The output is the lines below from the one with "Tenebrae (aka Tenebre)" through the one with "Panasonic Lumix S5", both included, printed exactly and with no other line.

## Items from a data source

+===+

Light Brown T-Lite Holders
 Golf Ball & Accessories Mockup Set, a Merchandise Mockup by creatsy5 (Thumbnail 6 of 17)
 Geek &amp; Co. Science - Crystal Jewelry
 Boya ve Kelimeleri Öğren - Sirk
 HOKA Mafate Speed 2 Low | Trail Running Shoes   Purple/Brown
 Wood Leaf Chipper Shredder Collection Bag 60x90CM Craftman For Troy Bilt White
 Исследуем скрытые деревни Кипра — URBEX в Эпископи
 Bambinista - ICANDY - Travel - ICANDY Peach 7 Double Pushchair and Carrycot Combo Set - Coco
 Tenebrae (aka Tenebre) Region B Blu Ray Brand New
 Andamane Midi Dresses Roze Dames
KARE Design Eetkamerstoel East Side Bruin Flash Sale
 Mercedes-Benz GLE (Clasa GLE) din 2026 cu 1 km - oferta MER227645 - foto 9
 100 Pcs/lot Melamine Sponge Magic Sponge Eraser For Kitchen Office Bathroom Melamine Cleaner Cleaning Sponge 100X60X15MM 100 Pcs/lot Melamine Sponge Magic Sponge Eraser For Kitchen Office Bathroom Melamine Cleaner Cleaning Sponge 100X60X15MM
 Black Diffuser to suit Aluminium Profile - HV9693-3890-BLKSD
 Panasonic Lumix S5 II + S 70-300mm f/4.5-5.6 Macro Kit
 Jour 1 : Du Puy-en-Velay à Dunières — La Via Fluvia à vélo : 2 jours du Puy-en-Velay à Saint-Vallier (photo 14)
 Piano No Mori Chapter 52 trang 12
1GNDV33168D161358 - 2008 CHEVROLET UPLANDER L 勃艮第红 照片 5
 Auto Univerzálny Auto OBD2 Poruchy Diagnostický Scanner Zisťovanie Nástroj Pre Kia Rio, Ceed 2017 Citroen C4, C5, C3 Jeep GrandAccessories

+===+

## ANSWER TO THIS EXERCISE
 Tenebrae (aka Tenebre) Region B Blu Ray Brand New
 Andamane Midi Dresses Roze Dames
KARE Design Eetkamerstoel East Side Bruin Flash Sale
 Mercedes-Benz GLE (Clasa GLE) din 2026 cu 1 km - oferta MER227645 - foto 9
 100 Pcs/lot Melamine Sponge Magic Sponge Eraser For Kitchen Office Bathroom Melamine Cleaner Cleaning Sponge 100X60X15MM 100 Pcs/lot Melamine Sponge Magic Sponge Eraser For Kitchen Office Bathroom Melamine Cleaner Cleaning Sponge 100X60X15MM
 Black Diffuser to suit Aluminium Profile - HV9693-3890-BLKSD
 Panasonic Lumix S5 II + S 70-300mm f/4.5-5.6 Macro Kit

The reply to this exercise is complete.